Today, that freedom is dying. What's worse, is it's happening so gradually that most people haven't noticed we're already halfway into the coffin.

The latest broadside fired in the war against platform freedom has been fired. Google recently announced new upcoming restrictions on APK installations. Starting in 2026, Google will tightening the screws on sideloading, making it increasingly difficult to install applications that haven't been blessed by the Play Store's approval process. It's being sold as a security measure, but it will make it far more difficult for users to run apps outside the official ecosystem. There is a security argument to be made, of course, because suspect code can cause all kinds of havoc on a device loaded with a user's personal data. At the same time, security concerns have a funny way of aligning perfectly with ulterior corporate motives.

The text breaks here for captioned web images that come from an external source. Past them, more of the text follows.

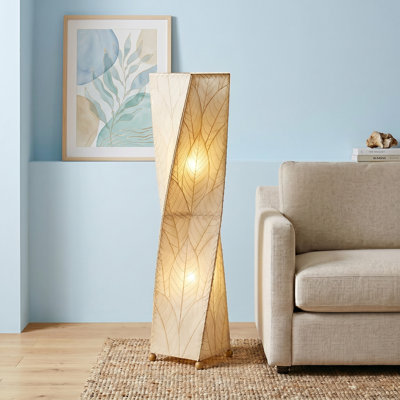 Conrado 48'' Black Novelty Floor Lamp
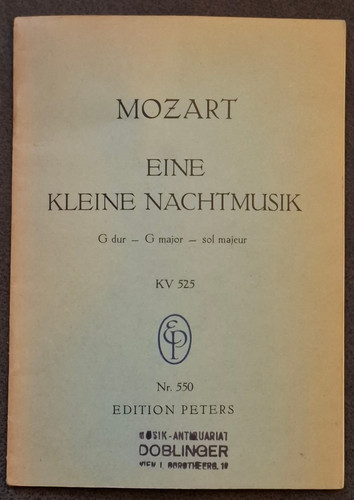 Mozart eine kleine - |,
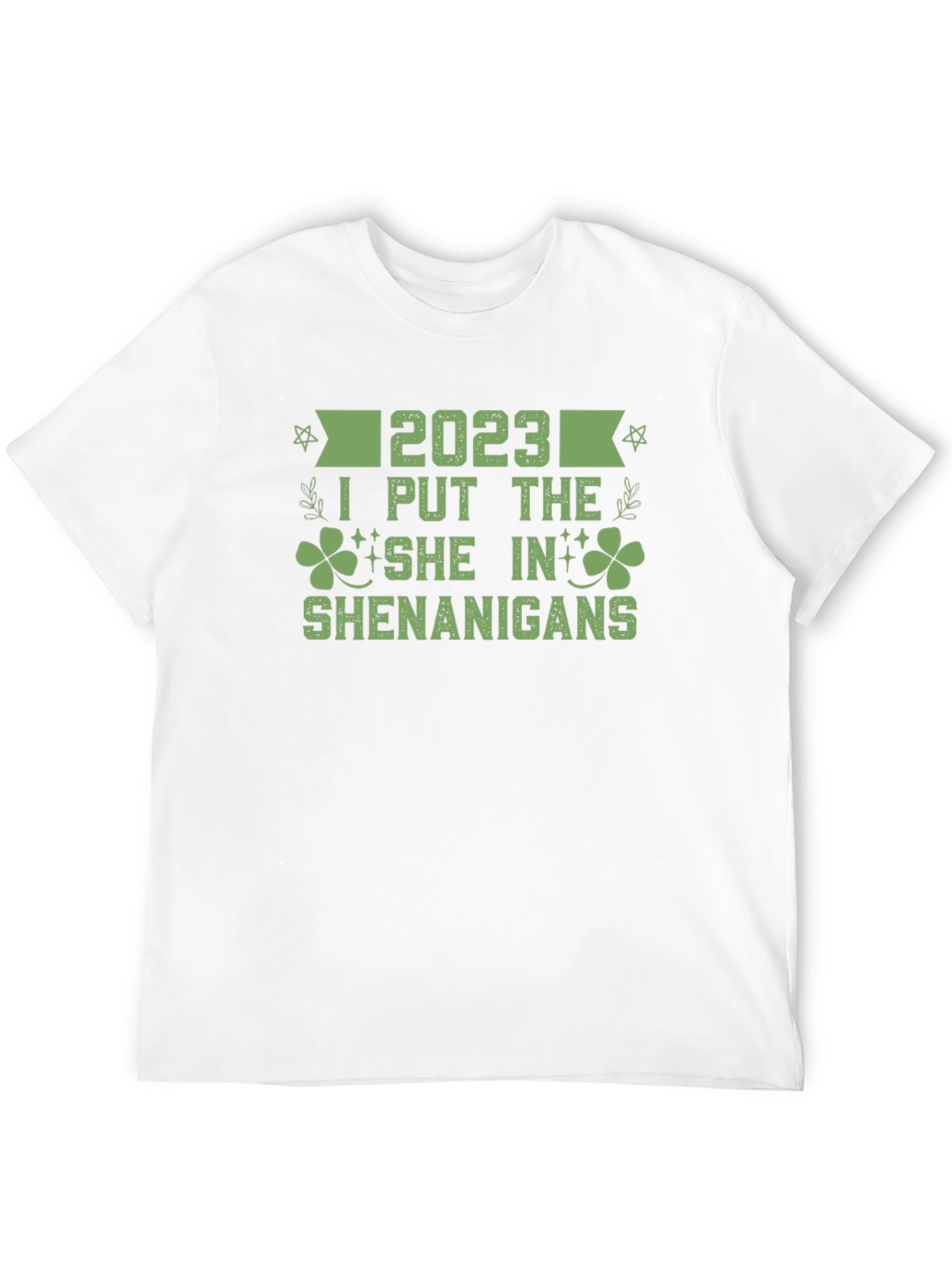 2023 She in Shenanigans St. Patricks Day T-Shirt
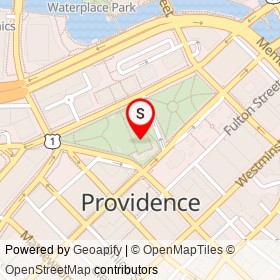 BankNewport City Center on , Providence Rhode Island - location map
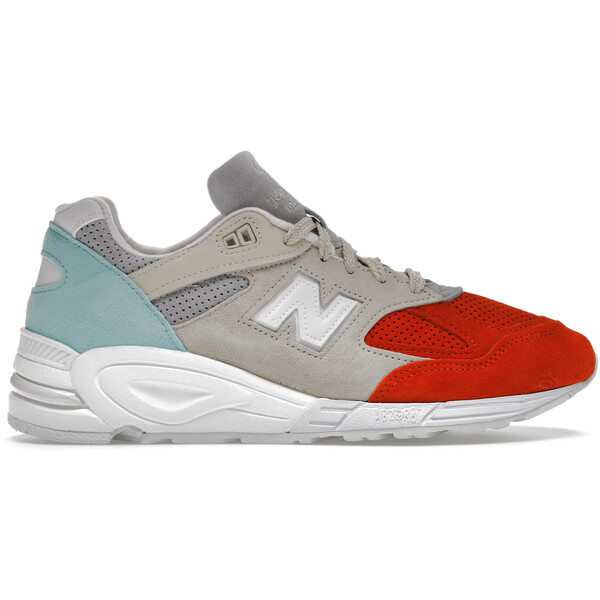 New Balance ニューバランス メンズ スニーカー 【New Balance 990v2 Kith Cyclades (without Socks)】 サイズ US_9.5(27.5cm) Rust/Parchment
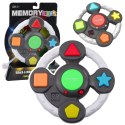 Elektroniczna Gra Logiczna Memory Kierownica Zręcznościowa Światła Dźwięki LEAN Toys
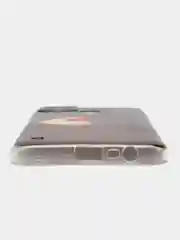 Фиолетовый чехол на Oppo Realme C21Y/C25Y / Реалми C21Y/C25Y прозрачный, с рисунком, защита камеры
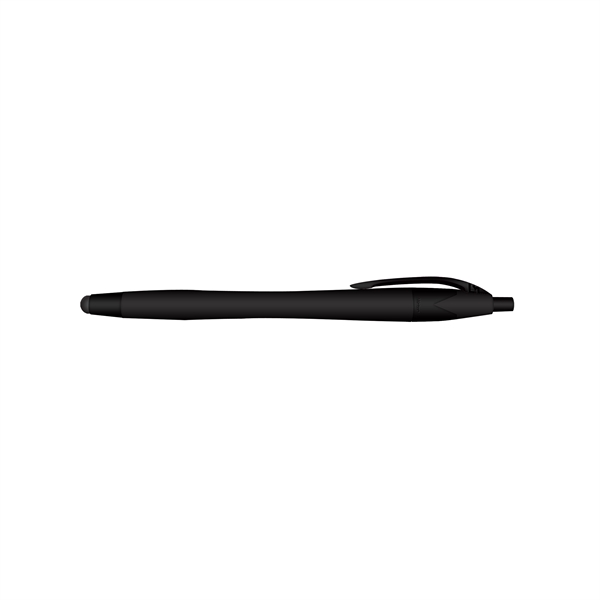 iWriter Smooth Soft Touch Rubberized ball point pen with stylus tip... from ASI 67675 Liqui-Mark Corp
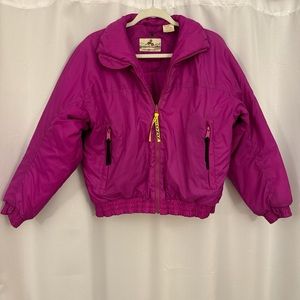 Eastern Mountain Sports - ZIZO - pink/purple puffer jacket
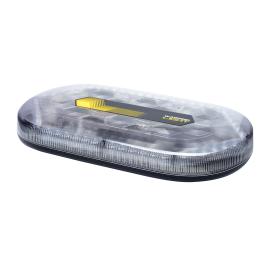 MINI STRISCIA LUMINOSA MAGNETICA ARANCIONE A LED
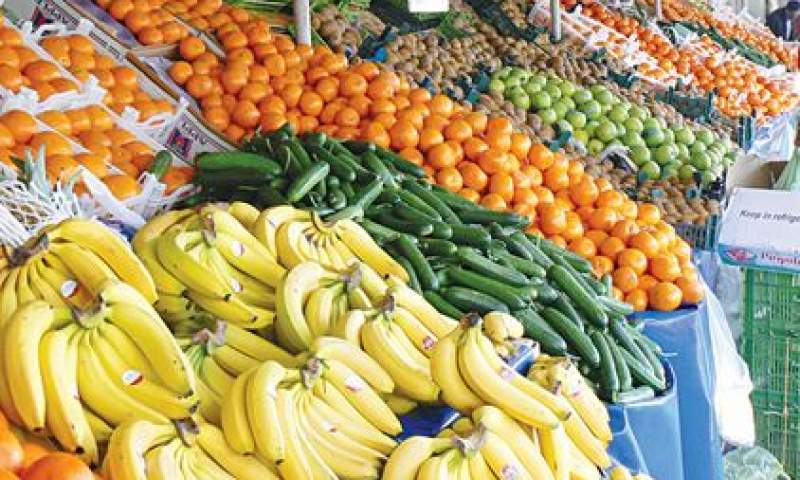 جولان میوه‌های وارداتی در بازار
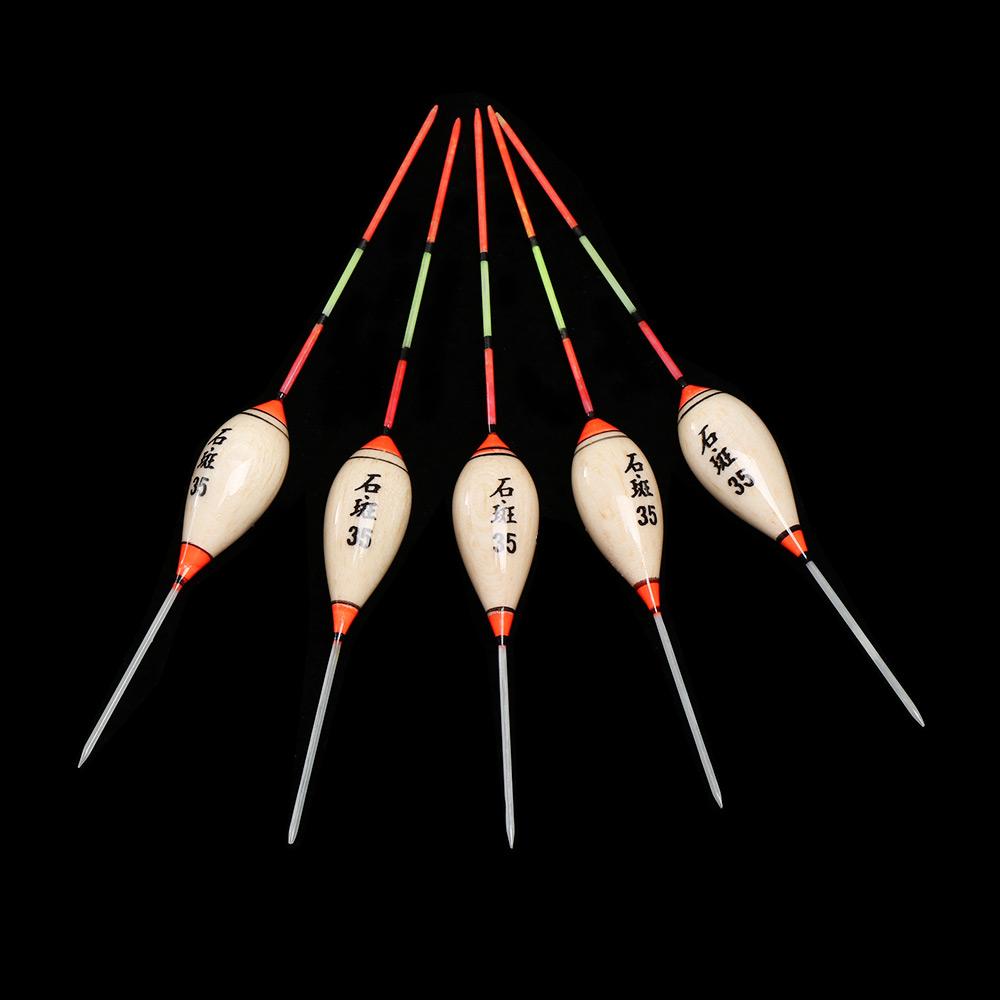 5pcs Fishing Floats Balsa Wood - Fishing Boat Oar review and price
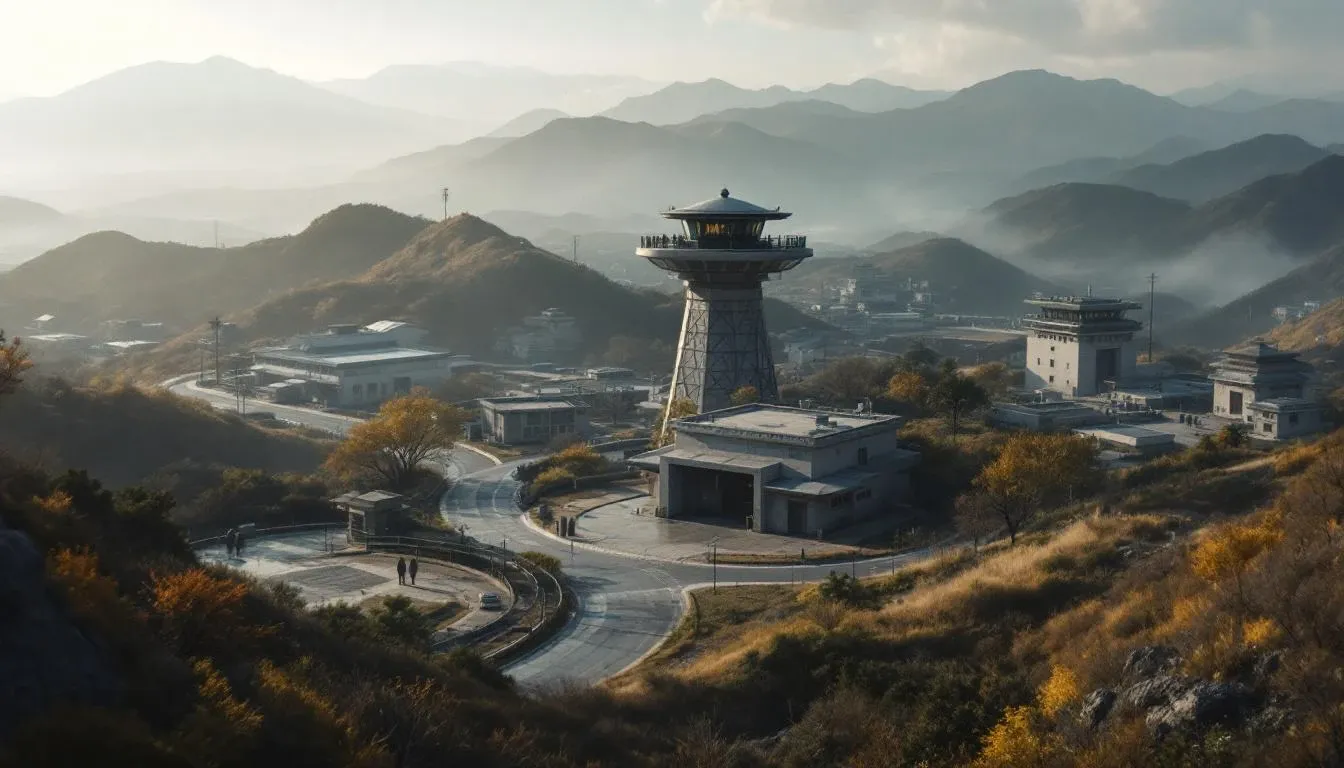 Dmz Border - filming location in South Korea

[...] The walled garden concept didn't start with smartphones. Indeed, video game consoles were a bit of a trailblazer in this space, with manufacturers taking this approach decades ago. The moment gaming became genuinely profitable, console manufacturers realized they could control their entire ecosystem. Proprietary formats, region systems, and lockout chips were all valid ways to ensure companies could levy hefty licensing fees from developers. They locked down their hardware tighter than a bank vault, and they did it for one simple reason—money. As long as the manufacturer could ensure the console wouldn't run unapproved games, developers would have to give them a kickback for every unit sold.

[...] Then came the iPhone, and with it, the App Store. Apple took the locked-down model and applied it to a computer you carry in your pocket. The promise was that you'd only get apps that were approved by Apple, with the implicit guarantee of a certain level of quality and functionality.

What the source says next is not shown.